Auf dieser Luftbildaufnahme ist das Haus Nr. 6 (Schlot 11) samt Anbau als langgestreckter Fachwerkbau auf einem schmal geschnittenen Grundstück am Stadtrand (links im Bild) zu erkennen. Mit dem Namen „Hühnerhof“ bezeichnete der Werner Volksmund übrigens ursprünglich nicht das heute noch existierende Wohnhaus und Scheunengebäude, sondern nur den Altbau und den Restanbau aus Fachwerk.
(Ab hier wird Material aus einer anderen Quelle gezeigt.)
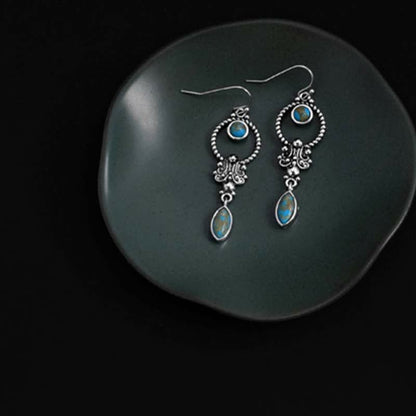 Buddha Essence 925 Sterling Silver Vintage Turquoise Waterdrop Pattern Balance Drop Dangle Earrings Earrings BS 3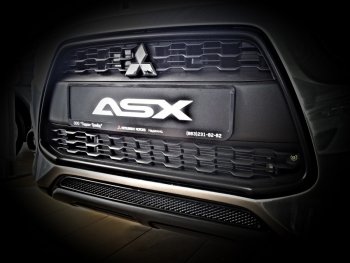 3 499 р. Сетка в воздухозаборник бампера Arbori (15 мм)  Mitsubishi ASX (2010-2012) дорестайлинг (Черная)  с доставкой в г. Чебоксары. Увеличить фотографию 2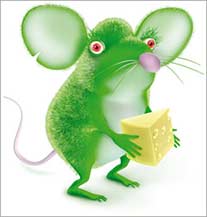 Ilustração de personagem ratinho em 3d.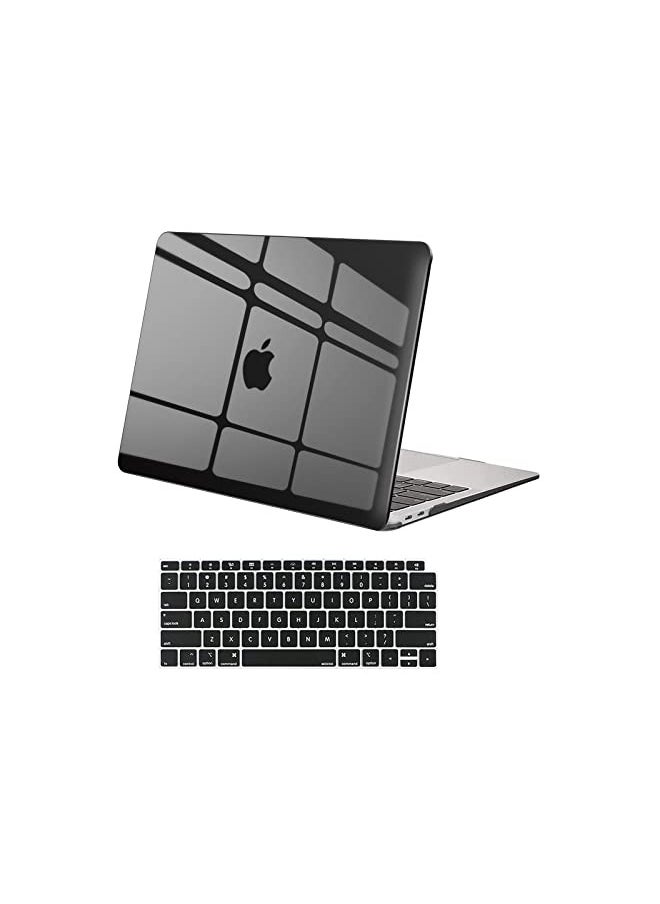 MOSISO Compatible with MacBook Air 13 inch Case 2022 2021 2020 2019 2018 Release A2337 M1 A2179 A1932 Retina Display with Touch ID, Plastic Hard Shell Case & Keyboard Cover Skin, Crystal Black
Dieser Gebäudekomplex sei, so Markus Klenner, laut Aussage der Familie Fohrmann vor etwa 20 Jahren abgerissen worden. - Foto: Archiv Familie Fohrmann
Auf dieser Luftbildaufnahme ist das Haus Nr. 6 (Schlot 11) samt Anbau als langgestreckter Fachwerkbau auf einem schmal geschnittenen Grundstück am Stadtrand (links im Bild) zu erkennen. Mit dem Namen „Hühnerhof“ bezeichnete der Werner Volksmund übrigens ursprünglich nicht das heute noch existierende Wohnhaus und Scheunengebäude, sondern nur den Altbau und den Restanbau aus Fachwerk. Dieser Gebäudekomplex sei, so Markus Klenner, laut Aussage der Familie Fohrmann vor etwa 20 Jahren abgerissen worden. Foto: Archiv Familie Fohrmann

Die Zeitungsberichte über den Verkauf des „Hühnerhofs“ lenkten seine Aufmerksamkeit auf ein Foto, dass er vor einigen Jahren von Josef Fohrmann erhalten hatte. Es handelte sich um eine Aufnahme des Hauses Werne Nr. 6 (heute Schlot 11) sowie eines Anbaus, in dem Klenners Großeltern Wilhelm Mors und Josephine Antonia Homann bis Ende der 1930er-Jahre gewohnt hatten. „Bis auf meine Mutter sind sämtliche Geschwister dort geboren“, erzählt Klenner. In der Familie sei immer mal wieder von dem Haus gesprochen worden. Seine älteste Tante habe erzählt, wie sie dort als Kinder gespielt hätten, seine Großmutter, wie klein die Wohnung gewesen sei, bis ihre Schwiegermutter Mitte der 1930er-Jahre auszog.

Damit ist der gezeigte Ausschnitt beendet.